# Hoarding .22 long rifle bullets



## polar bear (Sep 30, 2008)

Have been reading the newspapers and magazines as well as various forums regarding the rise in cost of .22 LR ( and others) . My advice: 1) read up on tulip mania in 1636-1637,2) keep a years supply of .22, 3) sell the rest at for the huge profits currently available (1000% markup at auction) . 4) re-buy in one year after the .22 market crashes. Just my thoughts. Only fly in the ointment, we don't knowhow obstructive the gov't will be, but the 5 cent a round tax is more rumor than fact. Proposed by some state legislator somewhere and will get no traction.


----------



## Thumb Bucks (Nov 28, 2012)

I refuse to over pay for any ammo. I am not getting caught up in the hype. Ihave in the last 3 weeks been able to purchase 2700 rounds of 22lr.....700 rounds of 9mm and 200 rounds of. 223 and I could of bought way more but the stores have those stupid restrictions. I will say it easy to find but it does exist and its getting better.

posted using Outdoor Hub Campfire


----------



## wally-eye (Oct 27, 2004)

Exactly. If you sell at inflated prices you're part of the problem......


----------



## Termie33 (Sep 26, 2002)

Im starting to see more and more .22 ammo, but its at mostly inflated prices. I got 2 bricks of 375 rounds for $30 each a month ago(my limit on price for that brick). Now i commonly see it selling to $99.


----------



## stackemup (Oct 31, 2011)

If everyone will refuse to pay the inflated prices the gouging will go away. All it takes is to look at the online auctions of the people gouging. The key is to not buy from them. There is normally priced ammo out there. The problem is we live in an instant society...we all expect to have what we want immediately. It takes restraint, but if you wait you can for sure find "normal" pricing from time to time


----------



## Luv2hunteup (Mar 22, 2003)

Just curious how many rounds would you have to have on hand to be considered a hoarder? A one month supply, a one year supply, a five year supply, a ten year supply or longer? 

If the kids and me conservatively shoot a brick every other month that would be 3,000 rounds in a year or 15,000 in five years.
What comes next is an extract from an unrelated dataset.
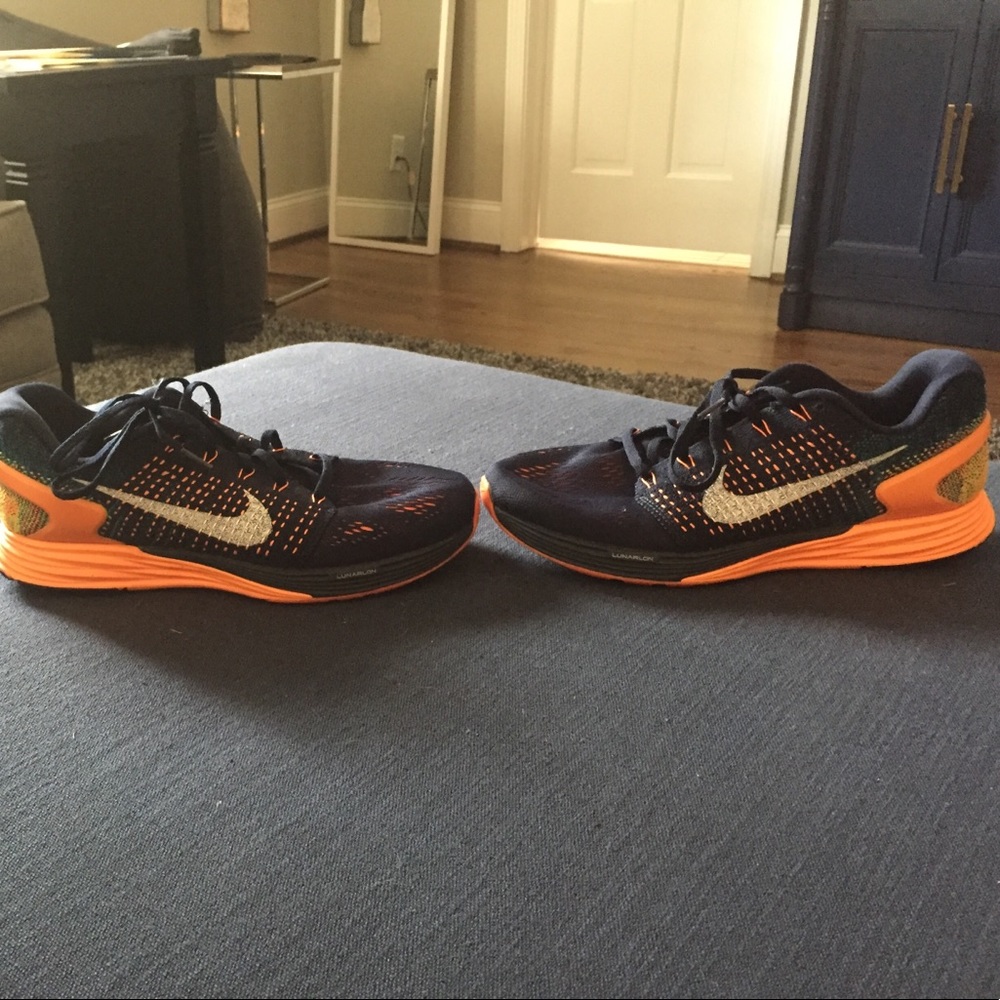Men's Nike shoes size 9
If we averaging shooting a brick a month it would be 30,000 rounds. When the girls were little I would limit them to a brick a week each when they would spend their summers at the club.
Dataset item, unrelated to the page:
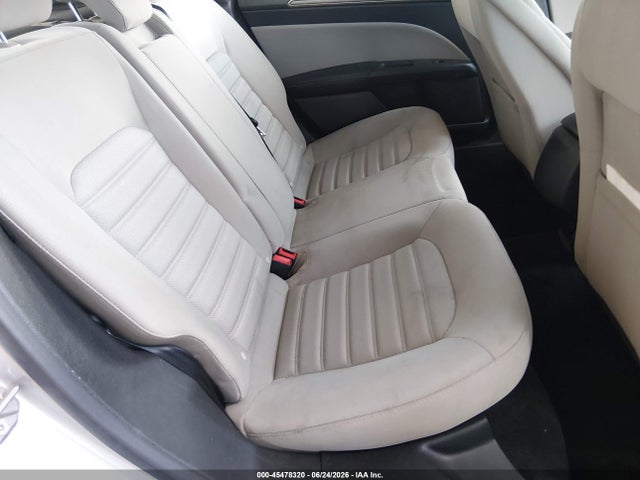 3FA6P0UU0JR212746 Ford Fusion Hybrid S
If you shoot a brick every ten years I would say that you are a hoarder if you have anymore than 500 rounds. If your family shoots a lot you may be a hoarder if you have over 300,000 rounds of 22 ammo on hand.

Buy what you can afford but plan ahead. Don't let anyone tell you not to buy ammo if that is what you want to do. Unless they put a reserve on it.

Stackemup
It's not the sellers who are driving the price up it's the buyers.


----------



## alex-v (Mar 24, 2005)

Luv2hunteup said:


> It's not the sellers who are driving the price up it's the buyers.
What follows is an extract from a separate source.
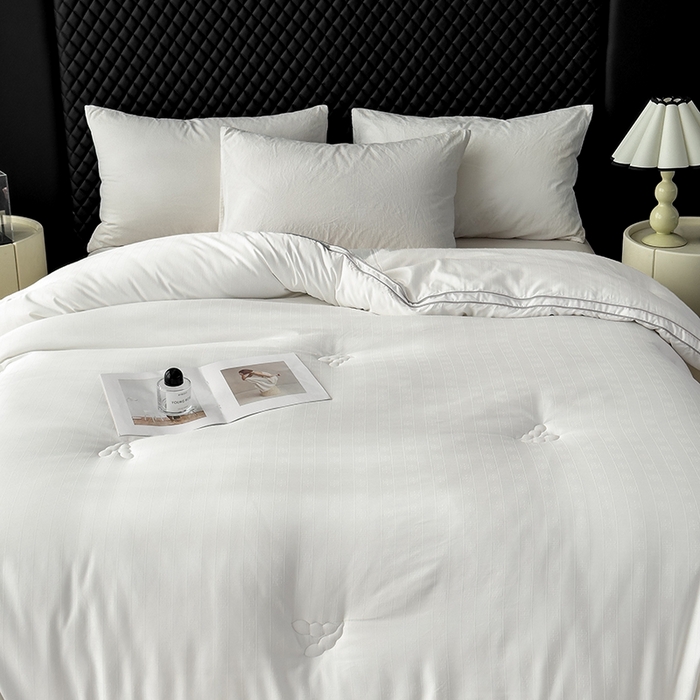 91家纺网 家纺一手货源 找家纺 置顶家纺 2024新款贡缎提花大豆纤维被子被芯--实拍图 串串格-大气白色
The author of the article in the link has pegged it right. (BTW, he is from Michigan.)

http://www.gunsandammo.com/2013/04/02/ammo-shortage/


----------



## stackemup (Oct 31, 2011)

Stackemup
It's not the sellers who are driving the price up it's the buyers.[/QUOTE]


I understand supply and demand, but in my opinion that's not the driving force. I've seen at least 1,500 auctions online in the past week selling anywhere between a brick to 5,000 rounds at a time. That's a butt load of ammo. It's my opinion that this ammo is not going from manufacturer, to distributor, to stores like it used to. Maybe it's just the new normal, but I hope not.


----------



## cedarlkDJ (Sep 2, 2002)

stackemup said:


> It's not the sellers who are driving the price up it's the buyers.


Exactly!!!! The connected people buy it up when a shipment comes in and then turn around and sell it to the dumb who will pay the price! I've bought two 50 rd. boxes of .22 mag in the last two years. Dealers are still getting the same shipments they always have....it's just gone in a few hours by paranoids. I hoarded a long time ago for 1/4 of the prices today!!!!! I'm set for a long time!.... I can wait!.....nice article Alex.


----------



## Boardman Brookies (Dec 20, 2007)

wally-eye said:


> Exactly. If you sell at inflated prices you're
> part of the problem......


That is it. I haven't been able to find anything to dispatch some problems racoons I have in my yard. I wish I could just go out a get a 525 pack of Golden Bullets and take care of a few varmints and plink this summer. Guess that just isn't going to happen.


----------



## kjones734 (Jan 14, 2011)

I have 1400 .22lr bullets sitting to my left but I would certainly not say i am hording them. That will hardly last me a month during normal times now I have to cut back on my shooting simply because I can not find the ammo and I am unwilling to pay these ridiculous prices. 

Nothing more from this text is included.